A dada altura, houve um escriba local que se queixou dele, porque sendo um alpedrinense (sic) tão influente não tinha conseguido restaurar o concelho de Alpedrinha!... Porém, não é minimamente verdade que ele se tenha alheado do progresso da sua terra. Pelo contrário, tanto esta como o concelho lhe ficaram a dever imenso (ao invés do famoso Cardeal, de quem não ficou memória de especial afeição à terra natal). Da sua acção política, resultaram, entre outros benefícios, a passagem por Alpedrinha da Estrada Real (Castelo Branco-Guarda), a ampliação do hospital local, o ensino primário feminino, obras nos banhos do Monte da Touca, a requalificação da Capela do Leão e da Casa da Comenda... E, por tudo o que fez, conforme alguém escreveu em 1905 a propósito do superior do Colégio das Missões e que o referido Salvado Mota aproveitou, o Deão Boavida «foi um espírito superior, alevantado e generoso, que no meio egoísta e estéril em que vivemos se impôs à admiração pública, reconhecendo-se nele um cidadão benemérito, que soube honrar o seu país com os mais notáveis e assinalados serviços.»

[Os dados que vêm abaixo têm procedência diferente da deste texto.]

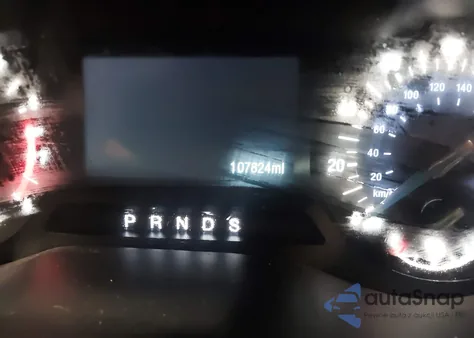 2017 Ford Fusion Se from USA, damaged, VIN 3FA6P0T97HR285118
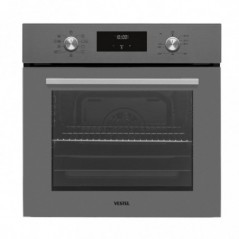 Vestel AF-7684 YG 70 Lt A Enerji Sınıfı Ankastre Fırın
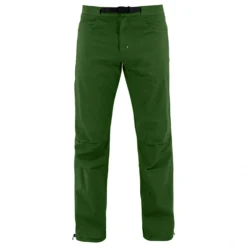 Ira - Kletterhose -Outdoor Abenteuer Geschäft cafe kraft ira kletterhose 1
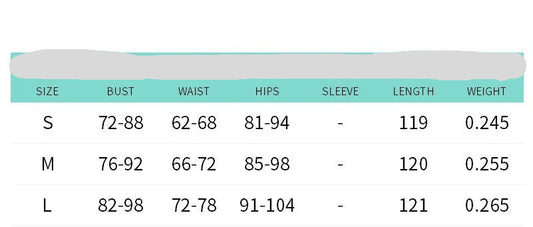 CLO020DJ
Women's Sexy Strapless Off Shoulder Bodycon White Dress Ladies Summer Bandage Sleeveless Solid Long Gowns Vacation Dresses - Klixstore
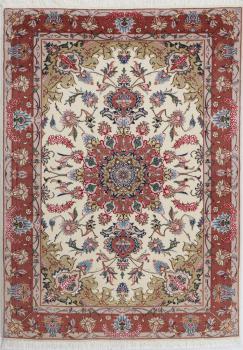 Tabriz 50Raj 144x103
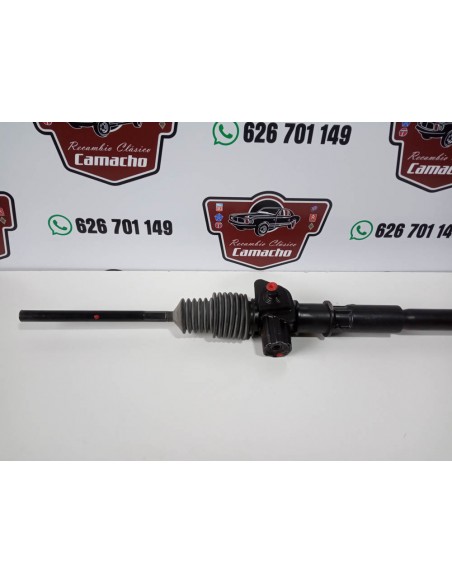 CREMALLERA DE DIRECCION RENAULT 11 TURBO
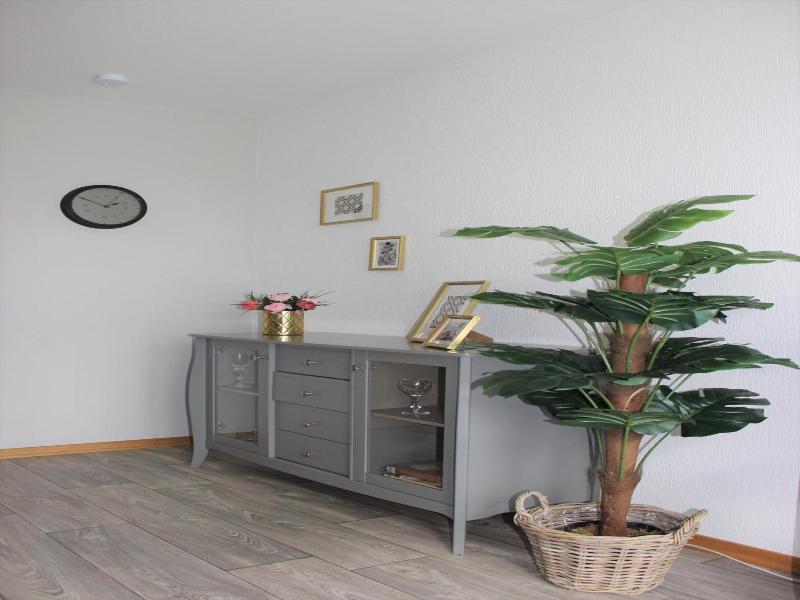 Hotel Gasthuus Spieskamer image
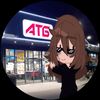 13kart_fan109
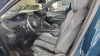 Peugeot 3008 Plug-in Hybrid 1.6 143KW Allure e-DCS7 Peugeot 3008 Plug-in Hybrid 1.6 143KW Allure e-DCS7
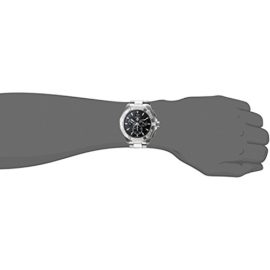 TAG-Heuer-Homme-43mm-Bracelet-Boitier-Acier-Inoxydable-Saphire-Quartz-Cadran-Noir-Montre-CAY1110BA0927-0-0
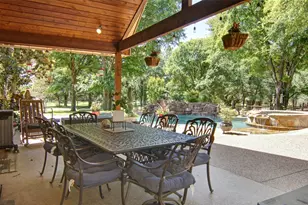 110 Bent Creek Ranch Ct, Fort Worth, TX 76126 - Photo 22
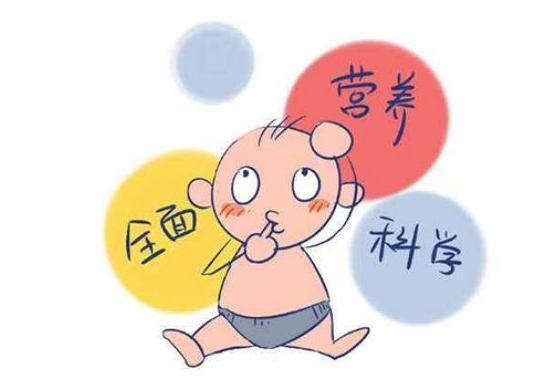 锌硒宝儿童健脾胃(儿童补锌硒宝)-硒宝网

Segundo o seu assento de óbito, lavrado pelo vigário José António Proença e existente no Registo Civil do Fundão, faleceu na sua terra natal, pelas 11,30h da manhã do dia 18 de Agosto de 1910, na sua casa da Rua da Maravilha, com todos os sacramentos e sem testamento, indo a sepultar no cemitério público no dia seguinte. Foi, exactamente, há 100 anos. A Beira perdia uma estrela. Mas sob os céus de Portugal, e em particular da Gardunha, ficava para a posteridade um nome e uma obra, que a República próxima jamais conseguiria ofuscar. 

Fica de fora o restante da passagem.